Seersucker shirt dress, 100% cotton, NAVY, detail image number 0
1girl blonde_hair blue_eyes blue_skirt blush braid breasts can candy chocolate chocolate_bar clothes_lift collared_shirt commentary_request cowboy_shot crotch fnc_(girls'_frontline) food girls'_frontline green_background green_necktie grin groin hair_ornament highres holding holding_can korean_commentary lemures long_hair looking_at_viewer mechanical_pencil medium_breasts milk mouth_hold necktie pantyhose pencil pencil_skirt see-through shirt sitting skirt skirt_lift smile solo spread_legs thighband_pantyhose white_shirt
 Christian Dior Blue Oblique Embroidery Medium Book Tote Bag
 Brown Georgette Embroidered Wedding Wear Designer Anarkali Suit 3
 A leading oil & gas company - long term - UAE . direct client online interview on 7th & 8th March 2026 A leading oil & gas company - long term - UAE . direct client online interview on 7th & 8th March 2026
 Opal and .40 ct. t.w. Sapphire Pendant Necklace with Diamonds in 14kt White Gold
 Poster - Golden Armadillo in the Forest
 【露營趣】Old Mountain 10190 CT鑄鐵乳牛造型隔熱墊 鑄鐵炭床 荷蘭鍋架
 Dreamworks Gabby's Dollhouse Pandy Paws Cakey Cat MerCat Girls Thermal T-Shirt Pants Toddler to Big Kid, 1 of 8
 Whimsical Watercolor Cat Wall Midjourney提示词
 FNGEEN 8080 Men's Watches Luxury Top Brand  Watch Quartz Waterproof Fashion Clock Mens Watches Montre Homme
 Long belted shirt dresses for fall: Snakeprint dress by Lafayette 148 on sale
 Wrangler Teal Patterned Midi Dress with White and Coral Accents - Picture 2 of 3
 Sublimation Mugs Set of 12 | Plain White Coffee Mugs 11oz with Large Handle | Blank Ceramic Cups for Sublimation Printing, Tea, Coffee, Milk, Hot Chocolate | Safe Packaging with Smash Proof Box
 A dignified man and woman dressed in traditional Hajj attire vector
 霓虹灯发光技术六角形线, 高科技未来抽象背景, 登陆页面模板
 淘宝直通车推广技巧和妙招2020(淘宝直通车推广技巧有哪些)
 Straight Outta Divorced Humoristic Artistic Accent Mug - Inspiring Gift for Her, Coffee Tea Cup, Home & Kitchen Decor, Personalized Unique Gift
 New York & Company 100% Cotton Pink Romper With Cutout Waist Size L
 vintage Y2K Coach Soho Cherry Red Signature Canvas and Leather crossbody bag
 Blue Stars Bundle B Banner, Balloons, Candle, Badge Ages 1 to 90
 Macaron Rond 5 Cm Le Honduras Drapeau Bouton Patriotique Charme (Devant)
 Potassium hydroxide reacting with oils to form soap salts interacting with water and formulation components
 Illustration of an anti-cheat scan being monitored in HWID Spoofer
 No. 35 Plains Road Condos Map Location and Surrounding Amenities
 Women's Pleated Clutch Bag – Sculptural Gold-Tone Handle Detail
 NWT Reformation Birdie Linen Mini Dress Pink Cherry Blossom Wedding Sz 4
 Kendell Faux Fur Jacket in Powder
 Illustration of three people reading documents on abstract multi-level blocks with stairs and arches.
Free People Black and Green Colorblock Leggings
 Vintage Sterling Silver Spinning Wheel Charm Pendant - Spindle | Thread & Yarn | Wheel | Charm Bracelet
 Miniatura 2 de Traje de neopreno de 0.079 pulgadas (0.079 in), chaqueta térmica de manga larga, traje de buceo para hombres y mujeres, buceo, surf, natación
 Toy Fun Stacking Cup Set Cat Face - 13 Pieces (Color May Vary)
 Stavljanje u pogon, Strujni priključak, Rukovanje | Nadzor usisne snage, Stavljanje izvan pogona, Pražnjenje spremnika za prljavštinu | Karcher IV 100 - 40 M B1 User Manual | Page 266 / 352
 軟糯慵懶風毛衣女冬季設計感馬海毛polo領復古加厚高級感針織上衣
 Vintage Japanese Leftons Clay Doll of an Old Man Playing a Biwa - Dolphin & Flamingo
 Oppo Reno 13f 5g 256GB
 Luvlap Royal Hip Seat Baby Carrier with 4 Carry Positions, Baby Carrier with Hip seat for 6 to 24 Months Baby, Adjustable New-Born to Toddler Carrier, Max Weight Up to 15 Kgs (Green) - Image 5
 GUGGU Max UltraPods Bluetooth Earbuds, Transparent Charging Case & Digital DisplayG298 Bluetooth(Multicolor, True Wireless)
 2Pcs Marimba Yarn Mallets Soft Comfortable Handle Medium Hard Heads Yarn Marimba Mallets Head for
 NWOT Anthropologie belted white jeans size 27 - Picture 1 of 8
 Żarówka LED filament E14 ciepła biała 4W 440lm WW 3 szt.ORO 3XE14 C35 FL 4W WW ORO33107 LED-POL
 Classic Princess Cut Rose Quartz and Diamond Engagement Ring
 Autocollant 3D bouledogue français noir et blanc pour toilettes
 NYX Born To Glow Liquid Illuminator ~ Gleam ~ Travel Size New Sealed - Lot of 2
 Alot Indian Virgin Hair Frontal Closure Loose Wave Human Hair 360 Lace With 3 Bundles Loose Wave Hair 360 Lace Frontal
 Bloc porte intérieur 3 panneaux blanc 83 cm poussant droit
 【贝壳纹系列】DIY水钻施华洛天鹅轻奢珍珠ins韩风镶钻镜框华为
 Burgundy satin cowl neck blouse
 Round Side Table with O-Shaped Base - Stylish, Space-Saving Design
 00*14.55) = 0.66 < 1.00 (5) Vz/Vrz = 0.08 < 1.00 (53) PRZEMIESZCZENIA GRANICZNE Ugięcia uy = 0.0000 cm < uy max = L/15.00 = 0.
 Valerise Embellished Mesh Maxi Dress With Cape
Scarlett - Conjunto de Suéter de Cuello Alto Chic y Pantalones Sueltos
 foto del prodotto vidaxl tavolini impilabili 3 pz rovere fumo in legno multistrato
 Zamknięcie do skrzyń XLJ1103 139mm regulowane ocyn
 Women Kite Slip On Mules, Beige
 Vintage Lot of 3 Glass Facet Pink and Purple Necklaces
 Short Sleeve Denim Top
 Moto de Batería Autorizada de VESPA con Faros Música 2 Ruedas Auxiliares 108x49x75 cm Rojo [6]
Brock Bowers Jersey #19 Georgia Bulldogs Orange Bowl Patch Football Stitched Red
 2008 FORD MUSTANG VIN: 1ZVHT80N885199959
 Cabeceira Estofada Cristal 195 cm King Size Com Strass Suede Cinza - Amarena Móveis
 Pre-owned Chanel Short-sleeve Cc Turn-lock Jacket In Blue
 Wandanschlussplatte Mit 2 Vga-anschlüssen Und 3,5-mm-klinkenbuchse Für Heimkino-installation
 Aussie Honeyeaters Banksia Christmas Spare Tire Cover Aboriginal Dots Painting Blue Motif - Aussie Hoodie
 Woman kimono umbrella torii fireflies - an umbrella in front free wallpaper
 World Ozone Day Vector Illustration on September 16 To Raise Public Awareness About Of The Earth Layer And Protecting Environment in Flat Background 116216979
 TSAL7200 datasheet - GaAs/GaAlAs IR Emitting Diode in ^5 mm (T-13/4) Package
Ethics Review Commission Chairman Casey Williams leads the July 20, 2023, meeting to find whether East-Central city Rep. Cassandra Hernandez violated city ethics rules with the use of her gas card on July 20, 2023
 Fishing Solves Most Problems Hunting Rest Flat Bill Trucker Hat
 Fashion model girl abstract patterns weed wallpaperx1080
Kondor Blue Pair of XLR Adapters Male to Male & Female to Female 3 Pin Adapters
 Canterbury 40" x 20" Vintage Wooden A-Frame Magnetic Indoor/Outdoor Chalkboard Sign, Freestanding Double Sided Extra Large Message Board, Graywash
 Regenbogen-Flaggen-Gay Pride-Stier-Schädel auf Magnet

....................

- Task -
Show every line in the entries where the string "Fashion" occurs.

- Answer below -
 FNGEEN 8080 Men's Watches Luxury Top Brand  Watch Quartz Waterproof Fashion Clock Mens Watches Montre Homme
 Fashion model girl abstract patterns weed wallpaperx1080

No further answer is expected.